Quattro personaggi (due uomini e due donne) si riuniscono in una casa della campagna trevigiana per assistere la sorella di uno di loro, nei suoi ultimi giorni di vita. L’opera più celebrata di Franco Brusati ha un titolo che si riferisce al tentativo di dimenticare l’infanzia e la spensieratezza, accettando la fine delle cose e della vita. Il film presenta una grande raffinatezza formale che talvolta va a scapito della sostanza, a causa di una sceneggiatura dall’andamento vago e non sempre incisiva. Buona la prova degli attori.
Fellini, Bergman, Visconti: del primo si richiamano l’amarcord (c’è Brancia) e gli squarci onirici e circensi; del secondo, la dimensione femminile, il pacato intimismo, la presenza di Josephson; del terzo, la ricerca del pregio estetico di provenienza artistico-letteraria. Nonostante questi nobili riferimenti, si ha da subito l’impressione di assistere più ad un vuoto e ridondante esercizio di stile che ad un saggio di reali doti d’autore: e l’impressione diventa presto certezza. Purtroppo.

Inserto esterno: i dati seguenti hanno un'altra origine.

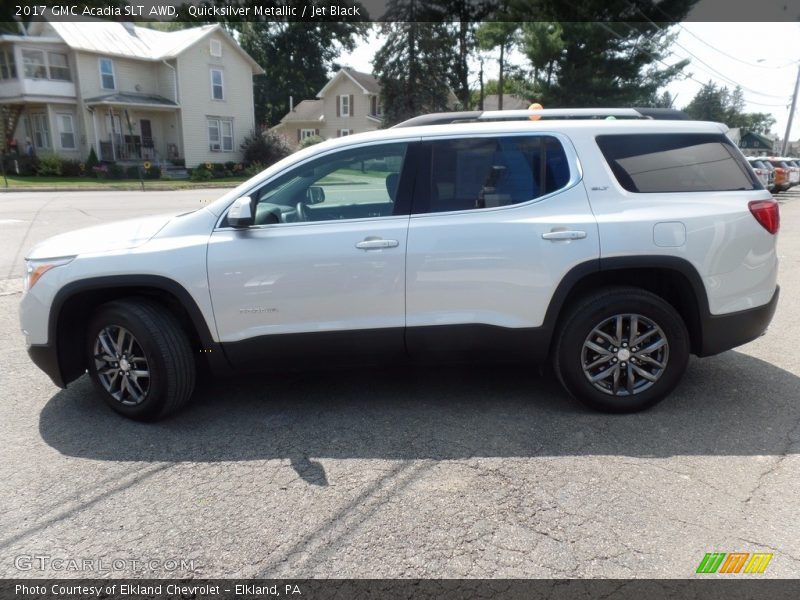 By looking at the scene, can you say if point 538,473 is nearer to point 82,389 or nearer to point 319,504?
point 319,504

Ho trovato il film estrememente interessante, indipendentemente dalle analogie con gli stili di altri registi. Una delle scene erotiche, che giudico molto forte e credibile rispetto al panorama italiano (se si esclude Tinto Brass) è stata ben messa in scena. All’epoca il film ebbe molti giudizi positivi e allo stesso tempo molti che cercarono di ridimensionarlo. Secondo me resta l’opera di Brusati. Splendida e raffinata la colonna sonora.
Difficile rintracciare una qualche originalità in questa ricerca del tempo perduto di Brusati: l’eterno ritorno alla casa paterna che è nido accogliente e tana del lupo, ove assistiamo a un lungo faccia a faccia dei protagonisti con i fantasmi del passato, al termine del quale Nicky e Anna si scoprono essi stessi fantasmi, ansiosi di tornare in vita. Lascia perplessi il modo in cui viene rappresentata l’omosessualità, quasi un retaggio di mala-adolescenza. Venezia, la lirica, la vecchia governante, le festicciole… già visto, debole e fioco come la luce di un crepuscolo, di una candelina…
L’estetismo c’è ma non è sterilmente compiaciuto di se stesso (alla Bolognini) e se sono indubbi i continui riferimenti cinematografici, Brusati li sublima con uno stile personale che evita vacuità citazionistiche, riuscendo a colpire il cuore dello spettatore. Certo, non tutto è perfetto (alcune lungaggini, soprattutto nei flashback, potevano essere evitate e certe figure macchiettistiche spezzano l’atmosfera incantata e atemporale) ma il film resta un’opera d’autore viva e pulsante. Splendidamente sensuale la Melato, bravi tutti gli altri.